Presented here for the discerning political collector is a spectacular Theodore Roosevelt broadside campaign poster from 1912 - just one of a few known to exist, and quite possibly the finest specimen extant. It measures 24 x 18 inches and features the two Progressive Party candidates – Teddy Roosevelt and his running mate Hiram Johnson, Governor of California (and later U.S. Senator for almost 30 years). The Progressive Party was known also as the Bull Moose Party, in deference to the famous Roosevelt quote that he "felt like a bull moose" after the party was formed.
It is a wonder how this rare piece of Americana ever survived in this extraordinary condition - after all it's over 100 years old! It remains in mint condition and is free of the typical soiling, browning or foxing, rips and tears, marks or scuffs, and general wear. Its snow-white color still glows like the day it was printed.
Bearing the union-endorsed logos at bottom, it features full length photo-images of the two candidates, as well as the famous quote of Rudyard Kipling. On the right-bottom border it bears the copyright of the Chicago company that produced it, and it is dated 1912. This type of printing and advertising was quite atypical for this time period. We immediately had this historical piece inserted in a complementary walnut frame and placed under archival ultraviolet protected plexiglass . It is simply a stunning piece of historical Presidential campaign memorabilia and guaranteed to impress anyone who sees it hanging on the wall of an office or study.
President Theodore Roosevelt served as our 26th President, taking office in 1901 upon the assassination of President McKinley. At age 42, he was the youngest person in history to hold that office. "TR", as he was known, served from 1901 to 1908, accomplishing many progressive polices such as regulating railroads, breaking up monopolies of the largest companies, pushing forth legislation to protect foods and drugs, establishing the national park service to preserve our natural resources, and regulating workers' hours and wages, especially those of women and children. This is commonly known as the "Progressive Era" in American history.

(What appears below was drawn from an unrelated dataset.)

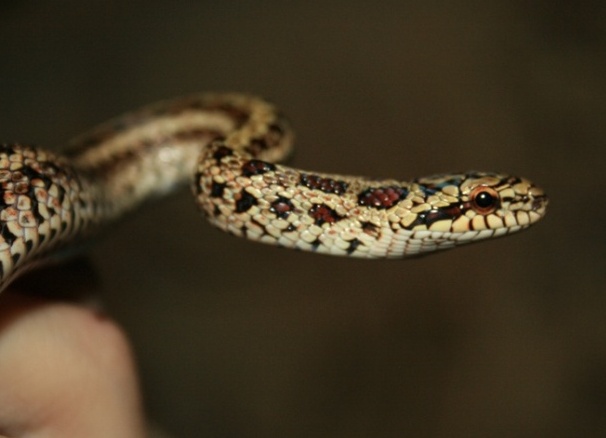 Вътрешни змии 3 (моделирана змия 1)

Exhausted after 8 years in office, Roosevelt decided not to run for another term (there were no term limits at that time), supporting instead his protege, Secretary of War, William Howard Taft, as his successor for the Republican nomination. Taft handily won the general election in 1908, however, the relationship with his mentor-TR slowly became strained and even factious. Roosevelt believed Taft abandoned the progressive policies of the previous eight years, allowing opportunist Republicans to control legislation. As a result, Teddy decided to seek office once again in 1912. To his chagrin, those controlling (conservative) Republicans denied him the nomination and once again endorsed Taft.
And so in 1912 former President Theodore Roosevelt once again ran for the Presidency, but this time as the newly-formed Progressive Party candidate. Taft ran as the Republican and Woodrow Wilson the Democratic. The schism of the Republican party proved devastating and resulted in a Wilson victory, as he captured 42 percent of the popular vote (the combined percentage of Taft and Roosevelt was over 50 percent!)